What needs to be done |
Transcribe nothing except the lines below that run from the one with "Difusor Saída Ar" to the one with "Kinderdrehstuhl STUDIO In Rot Mit Armlehnen 7", ends included, and do not copy any picture.

Exercise material |

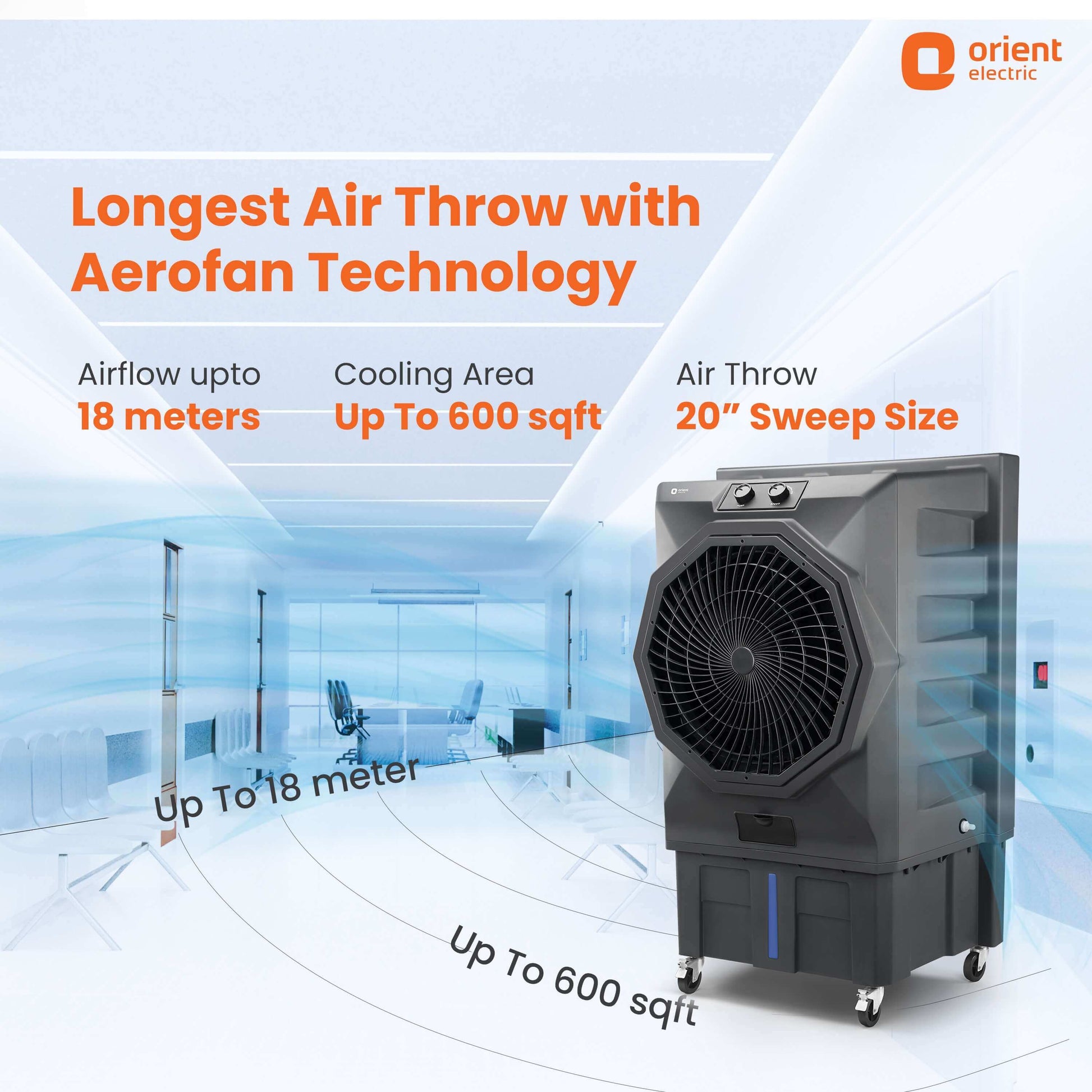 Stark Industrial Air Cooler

* * *

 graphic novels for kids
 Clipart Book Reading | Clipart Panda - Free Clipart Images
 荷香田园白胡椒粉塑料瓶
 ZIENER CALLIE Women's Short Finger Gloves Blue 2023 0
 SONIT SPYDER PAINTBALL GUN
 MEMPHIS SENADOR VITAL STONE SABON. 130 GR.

* * *

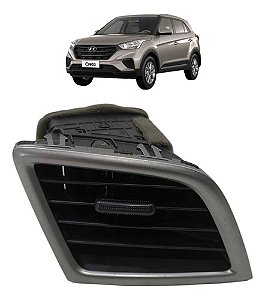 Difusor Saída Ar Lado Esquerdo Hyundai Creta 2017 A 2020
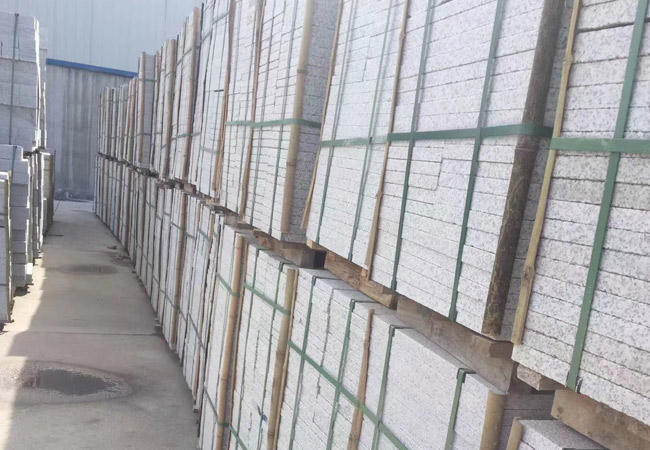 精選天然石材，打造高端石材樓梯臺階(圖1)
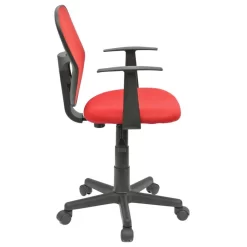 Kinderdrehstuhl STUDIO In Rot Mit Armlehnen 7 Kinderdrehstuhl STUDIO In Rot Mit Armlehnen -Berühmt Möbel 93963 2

Finished task |
 Difusor Saída Ar Lado Esquerdo Hyundai Creta 2017 A 2020
 精選天然石材，打造高端石材樓梯臺階(圖1)
 Kinderdrehstuhl STUDIO In Rot Mit Armlehnen 7 Kinderdrehstuhl STUDIO In Rot Mit Armlehnen -Berühmt Möbel 93963 2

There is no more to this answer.